Sean O’Hagan, arrangeur pop de génie, est aussi affable qu’érudit. Pas toujours compris par la presse pop et rock, on sent chez lui le besoin de mettre un peu les choses au point. Rencontre à l’occasion de la sortie de Beet, maize and corn.

Sean O’Hagan : J’ai tourné pendant près d’un an sur la côte Est, dans des cafés, des petites salles avec juste une guitare nylon. Je n’aime pas les guitares folk acoustiques, j’ai essayé d’arrêter de composer au piano, mais plus à la guitare, à la manière des compositeurs brésiliens, comme Jorge Ben, ou de musiciens français. On découvre de nouvelles possibilités harmoniques avec la guitare seulement. J’ai aimé tourner comme ça, en me retrouvant proche des gens : il faut meubler entre les morceaux, apporter beaucoup plus de soi, quand les concerts en groupe sont très protecteurs, mettent le public à distance. J’ai trop fait ça : avec des visuels dans le fond, aucun silence véritable… Comme tous ces groupes psychédéliques, Spirtualized, etc. Je trouve ça « crap » maintenant. L’idée derrière tout ça est de créer une expérience pour le spectateur. Je trouve ça un peu cliché aujourd’hui. Je reviens à des choses plus humaines, qui engagent plus d’humanité, de communication… Je me sens plus détendu…

Chronic’art : C’est l’envie de réhabiliter la chanson avant les arrangements ?

Oui, j’aimerais pouvoir dire que si la chanson est assez forte en elle-même, alors elle n’a pas besoin d’arrangements. Et pourtant, une bonne chanson, une belle mélodie suscite aussi l’envie de la colorer, elle inspire des contrepoints, des arrangements. Je n’aime pas trop l’idée de « songwriter », Bob Dylan me met un peu mal à l’aise. Je préfère l’idée de « troubadour », quelqu’un comme Jacques Brel peut-être, ou les brésiliens qui faisaient leurs chansons avec ou sans arrangements. La guitare nylon a un langage complètement différent de tous les instruments : plus doux, plus lumineux…

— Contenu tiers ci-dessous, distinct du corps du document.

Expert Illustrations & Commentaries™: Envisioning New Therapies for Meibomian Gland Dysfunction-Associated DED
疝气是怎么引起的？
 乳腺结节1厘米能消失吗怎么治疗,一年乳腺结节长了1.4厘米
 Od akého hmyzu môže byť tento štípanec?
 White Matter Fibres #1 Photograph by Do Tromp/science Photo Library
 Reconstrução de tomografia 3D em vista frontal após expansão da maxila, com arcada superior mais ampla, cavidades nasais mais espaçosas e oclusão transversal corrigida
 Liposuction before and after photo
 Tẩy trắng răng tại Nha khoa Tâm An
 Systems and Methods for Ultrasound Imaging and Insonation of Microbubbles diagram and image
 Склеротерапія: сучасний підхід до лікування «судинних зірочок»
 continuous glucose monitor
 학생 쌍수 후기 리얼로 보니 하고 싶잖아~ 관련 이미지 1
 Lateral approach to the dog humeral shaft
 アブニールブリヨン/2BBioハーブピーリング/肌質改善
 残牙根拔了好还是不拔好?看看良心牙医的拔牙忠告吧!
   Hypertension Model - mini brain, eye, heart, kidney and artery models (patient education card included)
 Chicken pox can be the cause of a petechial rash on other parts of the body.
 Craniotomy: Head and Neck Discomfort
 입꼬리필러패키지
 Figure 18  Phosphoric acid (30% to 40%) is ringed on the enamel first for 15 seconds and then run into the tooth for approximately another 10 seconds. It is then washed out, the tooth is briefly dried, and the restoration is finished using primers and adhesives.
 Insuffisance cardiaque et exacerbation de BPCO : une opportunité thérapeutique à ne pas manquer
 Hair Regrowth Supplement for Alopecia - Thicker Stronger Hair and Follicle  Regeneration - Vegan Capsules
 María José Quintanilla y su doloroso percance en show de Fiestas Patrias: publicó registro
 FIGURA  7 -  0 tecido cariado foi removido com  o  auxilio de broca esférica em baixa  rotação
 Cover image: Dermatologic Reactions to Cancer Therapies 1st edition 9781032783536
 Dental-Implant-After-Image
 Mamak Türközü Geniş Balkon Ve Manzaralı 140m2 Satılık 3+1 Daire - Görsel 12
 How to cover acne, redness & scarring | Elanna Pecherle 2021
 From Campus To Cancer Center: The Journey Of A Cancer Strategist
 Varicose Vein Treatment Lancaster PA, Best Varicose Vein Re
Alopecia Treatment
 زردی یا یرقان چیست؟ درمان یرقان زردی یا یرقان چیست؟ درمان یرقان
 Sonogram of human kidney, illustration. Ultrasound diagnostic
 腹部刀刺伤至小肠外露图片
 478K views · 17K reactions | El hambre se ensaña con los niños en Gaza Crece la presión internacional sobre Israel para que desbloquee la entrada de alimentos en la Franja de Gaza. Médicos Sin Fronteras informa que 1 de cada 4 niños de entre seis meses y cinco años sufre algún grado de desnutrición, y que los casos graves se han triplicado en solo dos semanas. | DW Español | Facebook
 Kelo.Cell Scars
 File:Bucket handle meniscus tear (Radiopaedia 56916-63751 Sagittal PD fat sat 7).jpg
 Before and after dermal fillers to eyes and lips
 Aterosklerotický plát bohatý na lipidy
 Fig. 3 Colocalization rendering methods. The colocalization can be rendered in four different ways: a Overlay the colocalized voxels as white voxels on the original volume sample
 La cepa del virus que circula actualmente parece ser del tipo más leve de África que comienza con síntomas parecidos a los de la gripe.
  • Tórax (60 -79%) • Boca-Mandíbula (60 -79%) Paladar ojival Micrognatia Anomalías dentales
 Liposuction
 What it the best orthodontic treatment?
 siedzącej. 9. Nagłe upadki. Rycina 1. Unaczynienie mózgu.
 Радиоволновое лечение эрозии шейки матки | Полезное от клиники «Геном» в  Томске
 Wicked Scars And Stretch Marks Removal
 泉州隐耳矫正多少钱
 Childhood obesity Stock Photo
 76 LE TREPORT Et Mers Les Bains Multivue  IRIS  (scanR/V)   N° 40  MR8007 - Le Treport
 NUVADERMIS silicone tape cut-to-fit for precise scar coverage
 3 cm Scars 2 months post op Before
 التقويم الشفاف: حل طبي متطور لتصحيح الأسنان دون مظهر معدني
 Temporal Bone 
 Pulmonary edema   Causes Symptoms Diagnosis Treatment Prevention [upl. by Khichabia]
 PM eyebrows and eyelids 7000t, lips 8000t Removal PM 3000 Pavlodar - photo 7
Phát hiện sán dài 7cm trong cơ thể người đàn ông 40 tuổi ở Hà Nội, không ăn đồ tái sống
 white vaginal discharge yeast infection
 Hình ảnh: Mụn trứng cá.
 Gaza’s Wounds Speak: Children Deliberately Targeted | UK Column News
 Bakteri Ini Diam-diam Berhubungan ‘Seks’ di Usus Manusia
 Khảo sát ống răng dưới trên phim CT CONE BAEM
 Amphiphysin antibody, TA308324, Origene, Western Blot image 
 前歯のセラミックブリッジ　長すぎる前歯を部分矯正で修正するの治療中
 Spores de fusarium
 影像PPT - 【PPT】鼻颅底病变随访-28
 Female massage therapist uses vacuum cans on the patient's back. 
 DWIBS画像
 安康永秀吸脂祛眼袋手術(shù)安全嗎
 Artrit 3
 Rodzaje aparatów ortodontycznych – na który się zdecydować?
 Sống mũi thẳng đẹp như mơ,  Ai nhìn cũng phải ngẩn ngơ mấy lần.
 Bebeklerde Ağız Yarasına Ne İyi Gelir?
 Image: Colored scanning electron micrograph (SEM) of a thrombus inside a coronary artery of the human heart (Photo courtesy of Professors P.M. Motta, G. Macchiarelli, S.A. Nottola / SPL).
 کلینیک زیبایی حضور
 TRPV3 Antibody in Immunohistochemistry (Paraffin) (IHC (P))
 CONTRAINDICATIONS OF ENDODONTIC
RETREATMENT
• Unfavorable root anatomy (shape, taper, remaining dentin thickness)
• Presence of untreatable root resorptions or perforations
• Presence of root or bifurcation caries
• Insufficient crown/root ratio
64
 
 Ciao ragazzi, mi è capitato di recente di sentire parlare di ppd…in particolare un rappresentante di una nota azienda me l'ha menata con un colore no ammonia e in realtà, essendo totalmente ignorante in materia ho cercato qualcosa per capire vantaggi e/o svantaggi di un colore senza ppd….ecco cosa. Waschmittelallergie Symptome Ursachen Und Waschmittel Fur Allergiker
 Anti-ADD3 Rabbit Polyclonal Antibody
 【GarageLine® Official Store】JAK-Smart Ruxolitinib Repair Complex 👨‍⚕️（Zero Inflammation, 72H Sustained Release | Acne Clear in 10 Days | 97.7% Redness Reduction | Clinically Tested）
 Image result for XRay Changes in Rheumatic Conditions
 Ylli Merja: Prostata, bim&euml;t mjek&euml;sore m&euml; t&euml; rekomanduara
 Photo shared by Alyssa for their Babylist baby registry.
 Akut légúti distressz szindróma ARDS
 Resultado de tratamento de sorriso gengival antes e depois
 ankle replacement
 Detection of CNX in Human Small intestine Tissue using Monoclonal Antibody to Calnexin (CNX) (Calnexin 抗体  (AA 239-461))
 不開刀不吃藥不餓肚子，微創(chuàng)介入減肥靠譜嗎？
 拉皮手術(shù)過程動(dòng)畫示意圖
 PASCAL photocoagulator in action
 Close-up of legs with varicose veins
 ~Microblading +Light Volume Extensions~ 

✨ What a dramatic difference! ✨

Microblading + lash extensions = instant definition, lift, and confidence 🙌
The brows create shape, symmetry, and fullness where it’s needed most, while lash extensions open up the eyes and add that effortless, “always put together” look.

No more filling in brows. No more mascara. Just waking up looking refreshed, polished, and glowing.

En composant les morceaux, tu les penses comme un tout organique ? Ou ce sont des constructions ?

D’abord, je compose les mélodies, généralement au piano. Les lyrics arrivent après la musique. Parfois, six mois après. Ils répondent à la musique. Je compose les arrangements à partir de la mélodie de départ. J’entends les instruments qui doivent s’ajouter… C’est effectivement une construction.

Le morceau Porter dimi semble monter progressivement, et me fait penser à Stairway to paradise de Harper’s Bizarre…

Le début ressemble à une chanson traditionnelle, avec des lyrics un peu country : les garçons chantent un couplet, les filles chantent un couplet, et les deux se répondent. Et puis le morceau évolue en distinguant les parties respectives des filles et des garçons, en accélérant l’alternance : chacun dit la moitié du couplet, puis de la phrase et ainsi de suite la moitié de la moitié de la moitié…
La fin est inspirée par les travaux de Charles Ives ou Benjamin Britten. Je voulais faire un disque qui ne soit pas influencé par la musique populaire actuelle, mais qui s’inspire de l’impressionnisme anglais et français, Ravel et Debussy notamment, et aussi des 50’s américaines : Frankie Avalon, Bobby Darrin, et le producteur Jack Nietsche. En mélangeant ces deux références musicales, je me disais que je pourrais créer quelque chose d’original, d’un peu nouveau. Je voulais aussi n’utiliser aucun élément électronique, car même si j’adore ça, et si j’en ai fait beaucoup par le passé, l’électronique me semble s’être trop vulgarisé désormais : j’en entends partout, même chez les boys bands anglais, et je ne veux pas en rajouter dans ma musique. Je préfère utiliser les cuivres ou les cordes de manière inhabituelle, en profitant de leurs qualités acoustiques, leurs timbres…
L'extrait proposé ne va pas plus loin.